Furthermore, it is worthwhile to protect the company’s IP and trade secrets in the employment contracts. Any successful company will have several trade secrets they do not want to leak. Therefore, a non-disclosure clause is an essential part of a good contract.
Besides, a non-compete clause can be useful. This will make sure (former) employees abstain from joining the competition. Please note, however, that the law on non-competes is quite extensive. The most important thing to consider is that the PRC law allows non-competes for two years, but this can be longer depending on local laws. It also requires the employer to pay the employee an economic compensation. This compensation is agreed between employer and employee. If they fail to do so, this compensation will typically amount to default 30% of the wage during the 12 months before termination.
A WFOE may be employing several foreigners, who are then subject to special regulations in the PRC, and obtaining the necessary paperwork can be time-consuming.

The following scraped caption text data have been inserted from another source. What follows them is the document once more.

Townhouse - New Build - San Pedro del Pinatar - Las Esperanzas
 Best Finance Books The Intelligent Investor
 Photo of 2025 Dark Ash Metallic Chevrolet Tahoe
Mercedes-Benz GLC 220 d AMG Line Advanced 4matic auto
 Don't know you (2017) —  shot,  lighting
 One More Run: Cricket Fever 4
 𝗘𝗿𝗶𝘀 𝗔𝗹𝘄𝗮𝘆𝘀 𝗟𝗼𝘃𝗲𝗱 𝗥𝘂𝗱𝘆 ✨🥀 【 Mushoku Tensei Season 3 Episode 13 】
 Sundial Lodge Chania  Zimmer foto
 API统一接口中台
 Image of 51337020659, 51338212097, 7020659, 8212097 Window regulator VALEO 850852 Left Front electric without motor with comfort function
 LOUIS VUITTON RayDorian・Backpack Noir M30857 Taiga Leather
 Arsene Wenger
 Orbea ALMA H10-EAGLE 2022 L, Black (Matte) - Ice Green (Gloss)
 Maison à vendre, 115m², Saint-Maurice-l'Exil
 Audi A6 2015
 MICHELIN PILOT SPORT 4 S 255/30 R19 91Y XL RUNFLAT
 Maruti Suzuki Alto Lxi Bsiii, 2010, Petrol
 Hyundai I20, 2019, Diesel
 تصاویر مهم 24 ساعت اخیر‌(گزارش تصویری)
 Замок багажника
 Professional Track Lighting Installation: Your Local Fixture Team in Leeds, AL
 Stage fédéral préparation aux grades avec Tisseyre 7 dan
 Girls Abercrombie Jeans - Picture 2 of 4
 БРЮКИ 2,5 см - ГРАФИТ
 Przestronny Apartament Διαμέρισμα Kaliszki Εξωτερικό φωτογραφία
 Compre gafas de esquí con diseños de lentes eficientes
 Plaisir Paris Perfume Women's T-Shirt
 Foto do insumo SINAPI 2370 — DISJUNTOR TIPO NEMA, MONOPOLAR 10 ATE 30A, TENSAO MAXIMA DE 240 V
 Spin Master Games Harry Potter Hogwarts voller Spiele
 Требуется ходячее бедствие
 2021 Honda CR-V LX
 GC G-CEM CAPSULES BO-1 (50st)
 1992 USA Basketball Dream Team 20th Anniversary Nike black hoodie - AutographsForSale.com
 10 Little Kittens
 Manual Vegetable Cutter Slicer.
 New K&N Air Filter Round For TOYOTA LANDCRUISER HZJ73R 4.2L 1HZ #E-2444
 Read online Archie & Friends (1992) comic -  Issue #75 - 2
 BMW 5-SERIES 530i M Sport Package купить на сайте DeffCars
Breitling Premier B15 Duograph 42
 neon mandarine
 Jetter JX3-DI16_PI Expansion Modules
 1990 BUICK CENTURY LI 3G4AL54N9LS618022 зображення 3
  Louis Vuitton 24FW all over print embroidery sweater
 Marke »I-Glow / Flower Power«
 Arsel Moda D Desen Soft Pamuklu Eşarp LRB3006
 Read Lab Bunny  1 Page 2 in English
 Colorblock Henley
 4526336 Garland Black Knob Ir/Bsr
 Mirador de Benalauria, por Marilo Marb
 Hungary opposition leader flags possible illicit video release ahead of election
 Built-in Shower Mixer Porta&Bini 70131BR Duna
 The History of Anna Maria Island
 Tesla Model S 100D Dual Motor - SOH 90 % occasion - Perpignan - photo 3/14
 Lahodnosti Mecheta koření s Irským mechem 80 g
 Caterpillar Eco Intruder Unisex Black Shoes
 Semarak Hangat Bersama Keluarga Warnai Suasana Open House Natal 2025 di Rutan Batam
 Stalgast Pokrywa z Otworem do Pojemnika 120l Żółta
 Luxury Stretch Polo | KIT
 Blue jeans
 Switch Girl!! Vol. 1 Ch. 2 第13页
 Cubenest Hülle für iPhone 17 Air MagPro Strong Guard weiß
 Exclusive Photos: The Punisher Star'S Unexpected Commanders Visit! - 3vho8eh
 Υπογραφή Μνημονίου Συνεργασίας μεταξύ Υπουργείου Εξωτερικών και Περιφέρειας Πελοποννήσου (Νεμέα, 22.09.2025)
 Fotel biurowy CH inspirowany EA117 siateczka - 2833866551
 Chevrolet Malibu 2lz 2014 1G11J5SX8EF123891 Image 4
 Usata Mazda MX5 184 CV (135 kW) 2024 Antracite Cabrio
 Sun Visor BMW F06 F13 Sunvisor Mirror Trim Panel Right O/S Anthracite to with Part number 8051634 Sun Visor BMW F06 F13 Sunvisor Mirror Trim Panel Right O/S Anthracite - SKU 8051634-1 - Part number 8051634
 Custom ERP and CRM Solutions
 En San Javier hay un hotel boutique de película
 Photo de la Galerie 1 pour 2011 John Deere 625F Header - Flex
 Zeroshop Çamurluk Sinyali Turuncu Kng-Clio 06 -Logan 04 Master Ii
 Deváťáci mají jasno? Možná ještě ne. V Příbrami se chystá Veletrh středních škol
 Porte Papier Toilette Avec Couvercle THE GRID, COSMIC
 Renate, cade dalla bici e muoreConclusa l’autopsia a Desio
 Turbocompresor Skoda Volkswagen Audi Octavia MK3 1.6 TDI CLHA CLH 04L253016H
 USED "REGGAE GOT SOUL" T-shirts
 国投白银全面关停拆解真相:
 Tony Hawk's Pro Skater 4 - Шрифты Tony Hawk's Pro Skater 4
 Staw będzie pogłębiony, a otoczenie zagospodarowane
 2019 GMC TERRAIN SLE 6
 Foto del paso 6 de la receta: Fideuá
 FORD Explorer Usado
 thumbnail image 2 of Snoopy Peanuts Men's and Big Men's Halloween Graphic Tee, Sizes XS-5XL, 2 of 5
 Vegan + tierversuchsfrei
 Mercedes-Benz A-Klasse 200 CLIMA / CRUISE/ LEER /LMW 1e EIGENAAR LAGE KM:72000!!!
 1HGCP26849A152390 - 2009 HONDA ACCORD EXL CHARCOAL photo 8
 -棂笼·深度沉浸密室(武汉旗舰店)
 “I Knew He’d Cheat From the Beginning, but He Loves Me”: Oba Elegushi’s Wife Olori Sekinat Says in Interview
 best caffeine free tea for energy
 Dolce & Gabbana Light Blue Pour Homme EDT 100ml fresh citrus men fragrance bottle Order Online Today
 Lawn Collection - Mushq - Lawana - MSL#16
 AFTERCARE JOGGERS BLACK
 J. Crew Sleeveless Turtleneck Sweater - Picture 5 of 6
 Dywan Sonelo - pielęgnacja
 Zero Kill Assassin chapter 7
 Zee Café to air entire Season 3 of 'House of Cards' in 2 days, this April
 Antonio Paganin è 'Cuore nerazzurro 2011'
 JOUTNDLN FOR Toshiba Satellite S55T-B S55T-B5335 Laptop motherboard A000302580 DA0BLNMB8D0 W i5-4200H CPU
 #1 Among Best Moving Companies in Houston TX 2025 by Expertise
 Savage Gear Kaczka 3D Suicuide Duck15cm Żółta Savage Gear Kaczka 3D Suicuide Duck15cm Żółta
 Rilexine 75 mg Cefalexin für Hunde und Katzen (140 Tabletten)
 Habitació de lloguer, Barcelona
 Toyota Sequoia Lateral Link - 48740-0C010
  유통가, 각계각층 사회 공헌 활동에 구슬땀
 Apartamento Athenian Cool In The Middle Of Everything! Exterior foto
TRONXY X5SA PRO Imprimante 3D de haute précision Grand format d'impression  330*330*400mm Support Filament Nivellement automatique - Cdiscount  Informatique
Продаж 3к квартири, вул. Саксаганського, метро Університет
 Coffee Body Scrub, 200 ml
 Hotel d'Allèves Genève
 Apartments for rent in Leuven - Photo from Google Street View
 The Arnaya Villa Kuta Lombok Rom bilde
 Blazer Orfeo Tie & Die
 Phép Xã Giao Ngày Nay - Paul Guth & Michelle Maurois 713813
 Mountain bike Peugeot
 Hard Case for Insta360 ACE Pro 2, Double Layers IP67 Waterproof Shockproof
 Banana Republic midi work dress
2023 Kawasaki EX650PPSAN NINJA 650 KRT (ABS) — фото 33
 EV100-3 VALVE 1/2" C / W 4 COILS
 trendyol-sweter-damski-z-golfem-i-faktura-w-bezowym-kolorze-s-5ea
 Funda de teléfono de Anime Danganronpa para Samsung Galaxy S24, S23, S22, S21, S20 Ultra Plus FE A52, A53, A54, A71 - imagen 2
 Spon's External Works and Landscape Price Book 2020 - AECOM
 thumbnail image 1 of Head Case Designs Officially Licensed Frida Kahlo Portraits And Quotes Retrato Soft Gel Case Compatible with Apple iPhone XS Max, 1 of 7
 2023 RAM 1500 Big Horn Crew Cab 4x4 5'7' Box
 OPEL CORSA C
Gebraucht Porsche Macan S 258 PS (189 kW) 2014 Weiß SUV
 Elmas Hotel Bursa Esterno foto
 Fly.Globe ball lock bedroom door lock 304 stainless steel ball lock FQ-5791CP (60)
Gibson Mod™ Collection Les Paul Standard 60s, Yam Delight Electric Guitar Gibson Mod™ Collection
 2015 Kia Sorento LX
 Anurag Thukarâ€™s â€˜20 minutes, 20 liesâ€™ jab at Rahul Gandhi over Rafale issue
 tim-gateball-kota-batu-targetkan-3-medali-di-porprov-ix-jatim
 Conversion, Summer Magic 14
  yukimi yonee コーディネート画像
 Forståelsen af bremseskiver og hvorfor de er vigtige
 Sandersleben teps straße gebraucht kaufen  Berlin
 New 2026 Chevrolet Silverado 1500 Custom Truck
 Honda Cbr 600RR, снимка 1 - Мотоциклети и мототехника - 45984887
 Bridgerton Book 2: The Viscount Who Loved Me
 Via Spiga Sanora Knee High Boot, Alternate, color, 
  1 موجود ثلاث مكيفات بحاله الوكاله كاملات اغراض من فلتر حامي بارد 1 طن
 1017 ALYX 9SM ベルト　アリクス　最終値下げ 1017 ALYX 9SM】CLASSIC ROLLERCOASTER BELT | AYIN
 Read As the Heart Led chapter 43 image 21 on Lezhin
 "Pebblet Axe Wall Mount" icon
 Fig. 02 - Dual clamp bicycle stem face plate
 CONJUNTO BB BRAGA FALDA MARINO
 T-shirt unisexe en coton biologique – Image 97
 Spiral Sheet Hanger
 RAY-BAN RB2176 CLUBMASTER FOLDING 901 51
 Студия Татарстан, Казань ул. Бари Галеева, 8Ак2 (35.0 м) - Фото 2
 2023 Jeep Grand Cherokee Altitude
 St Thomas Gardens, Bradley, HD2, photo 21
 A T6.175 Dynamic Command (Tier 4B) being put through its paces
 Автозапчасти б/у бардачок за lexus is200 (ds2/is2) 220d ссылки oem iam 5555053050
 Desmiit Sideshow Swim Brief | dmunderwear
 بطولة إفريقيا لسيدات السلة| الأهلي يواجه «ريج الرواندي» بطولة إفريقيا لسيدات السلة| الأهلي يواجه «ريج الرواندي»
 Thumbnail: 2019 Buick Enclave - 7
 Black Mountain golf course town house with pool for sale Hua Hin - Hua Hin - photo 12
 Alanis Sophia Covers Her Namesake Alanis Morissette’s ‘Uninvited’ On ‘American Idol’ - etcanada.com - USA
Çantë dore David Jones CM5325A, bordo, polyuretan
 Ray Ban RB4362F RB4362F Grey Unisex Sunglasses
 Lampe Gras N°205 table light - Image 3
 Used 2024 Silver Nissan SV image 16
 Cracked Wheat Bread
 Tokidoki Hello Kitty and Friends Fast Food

Besides having to comply with basic requirements like being in good health, and having no criminal record, foreigners are also subject to specific local laws. For example, cities like Shanghai and Beijing require foreigners to have several years of relevant experience and at least a bachelor degree before allowing them to work there.
Pay extra attention to the fact that contracts with foreigners must comply with and be subject to PRC laws. This means that solely having contracts with foreign parent companies will not be deemed adequate for this purpose.
In most cities in China, foreign employees must contribute to social insurance funds. However, some cities have not yet implemented adequate government systems for this purpose, which could save considerable employer cost (f.i. Shanghai., for the time being).
Finally, a company must act carefully when terminating employment relationships with its employees. China does not allow for at-will employment, which means that an employee cannot be fired without due cause. Like many civil law jurisdictions, there must be legal grounds.
One of the leading legal grounds for lawful termination is a violation of company rules. For this purpose, companies should have duly implemented (following strict mandatory procedures) an internal document that sets out the company rules and regulations. This should be a detailed document that describes as precise as possible how employees should behave. Without this document, it becomes challenging to fire or even sanction employees. Note that this document should be written in Chinese. Otherwise chances are it will not be enforceable.
If an employment relationship is unlawfully terminated, the employee can demand reinstatement or compensation that is double to the settlement in case of lawful termination (yes, in cases of lawful termination with notice, there is still severance pay). If legal grounds cannot be found, it is advisable to negotiate with the employee and try to reach a suitable solution for both parties.
Most of the time an adequate severance package will suffice, though if consensus cannot be reached, the employee may file a claim in labour arbitration which companies and their lawyers can then defend. Likewise, en employee whose contract is not extended after an initial agreement, is entitled to severance.
It should go without saying that these are the general laws and regulations, but their application on a local level can vary quite enormously.
It is common wisdom that prevention is better than the cure: compliance with employment provisions is thus crucial for running a successful WFOE or JV in the PRC, as this will significantly decrease the amount of money spent on labour arbitration and other legal issues. Especially in China, where labour laws change frequently and locally, this does require extra diligence when dealing with employees. For this reason, your employment situation shall best be reviewed yearly.